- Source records
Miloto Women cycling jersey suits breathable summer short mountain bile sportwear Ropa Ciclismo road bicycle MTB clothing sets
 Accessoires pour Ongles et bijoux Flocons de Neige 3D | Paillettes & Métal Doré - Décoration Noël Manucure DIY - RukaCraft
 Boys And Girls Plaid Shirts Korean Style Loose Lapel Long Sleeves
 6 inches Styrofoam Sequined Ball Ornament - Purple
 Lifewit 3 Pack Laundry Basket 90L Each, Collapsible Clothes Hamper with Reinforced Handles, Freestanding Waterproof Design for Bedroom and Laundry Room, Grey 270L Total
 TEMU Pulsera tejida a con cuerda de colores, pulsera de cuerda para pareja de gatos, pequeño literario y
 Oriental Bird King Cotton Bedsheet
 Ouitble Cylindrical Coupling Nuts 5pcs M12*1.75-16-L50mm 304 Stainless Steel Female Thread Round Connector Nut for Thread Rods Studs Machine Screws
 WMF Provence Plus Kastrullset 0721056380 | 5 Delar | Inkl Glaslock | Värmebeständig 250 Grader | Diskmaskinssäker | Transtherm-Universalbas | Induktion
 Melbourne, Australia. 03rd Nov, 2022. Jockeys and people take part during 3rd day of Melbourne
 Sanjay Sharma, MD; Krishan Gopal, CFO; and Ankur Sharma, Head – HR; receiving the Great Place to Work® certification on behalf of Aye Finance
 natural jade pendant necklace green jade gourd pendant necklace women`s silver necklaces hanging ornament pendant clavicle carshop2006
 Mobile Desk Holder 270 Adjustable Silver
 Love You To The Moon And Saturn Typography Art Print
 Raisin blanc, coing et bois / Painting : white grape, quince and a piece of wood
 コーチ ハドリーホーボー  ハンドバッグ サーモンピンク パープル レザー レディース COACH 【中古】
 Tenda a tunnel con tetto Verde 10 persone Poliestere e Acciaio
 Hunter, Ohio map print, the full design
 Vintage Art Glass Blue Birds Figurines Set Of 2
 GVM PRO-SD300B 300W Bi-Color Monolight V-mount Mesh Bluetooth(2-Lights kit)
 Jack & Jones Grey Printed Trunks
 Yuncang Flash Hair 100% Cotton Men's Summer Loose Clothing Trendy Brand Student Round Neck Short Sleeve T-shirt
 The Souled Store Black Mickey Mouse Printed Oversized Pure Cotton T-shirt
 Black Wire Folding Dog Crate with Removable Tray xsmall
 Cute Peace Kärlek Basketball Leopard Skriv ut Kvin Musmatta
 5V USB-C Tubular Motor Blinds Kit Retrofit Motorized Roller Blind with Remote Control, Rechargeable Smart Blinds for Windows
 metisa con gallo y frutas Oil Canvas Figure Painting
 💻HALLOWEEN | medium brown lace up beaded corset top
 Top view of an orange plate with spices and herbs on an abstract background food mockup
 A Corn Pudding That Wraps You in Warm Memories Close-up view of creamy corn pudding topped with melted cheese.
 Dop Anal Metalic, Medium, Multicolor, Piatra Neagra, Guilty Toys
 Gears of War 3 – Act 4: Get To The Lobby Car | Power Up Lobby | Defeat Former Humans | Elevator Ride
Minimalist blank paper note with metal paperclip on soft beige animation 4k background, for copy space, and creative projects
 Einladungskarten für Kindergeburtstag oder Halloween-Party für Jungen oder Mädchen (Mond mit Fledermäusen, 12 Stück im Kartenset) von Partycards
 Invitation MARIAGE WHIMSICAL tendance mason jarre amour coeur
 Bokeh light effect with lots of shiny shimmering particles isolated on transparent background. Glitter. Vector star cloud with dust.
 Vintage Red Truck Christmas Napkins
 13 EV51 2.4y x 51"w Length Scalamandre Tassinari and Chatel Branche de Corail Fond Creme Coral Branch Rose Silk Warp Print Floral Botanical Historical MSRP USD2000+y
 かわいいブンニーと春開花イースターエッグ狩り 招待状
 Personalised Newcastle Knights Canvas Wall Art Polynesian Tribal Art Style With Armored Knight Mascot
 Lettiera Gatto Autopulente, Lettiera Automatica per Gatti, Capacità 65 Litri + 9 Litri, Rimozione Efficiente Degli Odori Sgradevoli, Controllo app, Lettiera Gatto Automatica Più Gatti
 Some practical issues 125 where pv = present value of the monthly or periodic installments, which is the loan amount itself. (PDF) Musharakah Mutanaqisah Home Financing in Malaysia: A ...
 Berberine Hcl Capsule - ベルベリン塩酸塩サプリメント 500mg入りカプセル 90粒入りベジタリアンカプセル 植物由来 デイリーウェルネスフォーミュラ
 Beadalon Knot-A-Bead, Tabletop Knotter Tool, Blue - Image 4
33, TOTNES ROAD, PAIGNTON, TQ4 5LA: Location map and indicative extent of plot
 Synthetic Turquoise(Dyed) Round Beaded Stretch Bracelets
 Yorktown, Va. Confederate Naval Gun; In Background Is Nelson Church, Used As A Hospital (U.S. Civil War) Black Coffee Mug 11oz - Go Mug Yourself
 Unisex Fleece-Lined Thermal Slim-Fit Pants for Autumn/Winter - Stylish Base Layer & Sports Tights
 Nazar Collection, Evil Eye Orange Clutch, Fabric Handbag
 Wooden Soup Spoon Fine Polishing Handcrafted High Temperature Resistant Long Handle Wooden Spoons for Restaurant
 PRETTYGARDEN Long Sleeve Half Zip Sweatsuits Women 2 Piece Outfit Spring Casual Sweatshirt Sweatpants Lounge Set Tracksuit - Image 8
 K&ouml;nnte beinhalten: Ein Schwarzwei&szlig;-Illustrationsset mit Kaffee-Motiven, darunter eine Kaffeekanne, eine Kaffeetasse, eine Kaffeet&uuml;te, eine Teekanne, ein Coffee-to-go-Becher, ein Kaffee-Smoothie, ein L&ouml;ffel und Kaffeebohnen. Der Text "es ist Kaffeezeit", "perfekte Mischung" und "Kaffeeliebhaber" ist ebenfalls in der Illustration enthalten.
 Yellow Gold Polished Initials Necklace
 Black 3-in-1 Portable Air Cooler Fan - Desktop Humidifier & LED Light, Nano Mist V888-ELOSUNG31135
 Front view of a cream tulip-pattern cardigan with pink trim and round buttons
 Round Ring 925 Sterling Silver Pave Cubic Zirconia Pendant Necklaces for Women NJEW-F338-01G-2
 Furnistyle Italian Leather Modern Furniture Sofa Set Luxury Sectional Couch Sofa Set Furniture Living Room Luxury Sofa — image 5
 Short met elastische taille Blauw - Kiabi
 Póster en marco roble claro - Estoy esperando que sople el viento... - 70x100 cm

- Assignment
Both the line containing "Top view of" and the line containing "Dop Anal Metalic, Medium, Multicolor, Piatra" belong in the answer. Print them and every line above that falls between them exactly, and no others.

- Reply
 Top view of an orange plate with spices and herbs on an abstract background food mockup
 A Corn Pudding That Wraps You in Warm Memories Close-up view of creamy corn pudding topped with melted cheese.
 Dop Anal Metalic, Medium, Multicolor, Piatra Neagra, Guilty Toys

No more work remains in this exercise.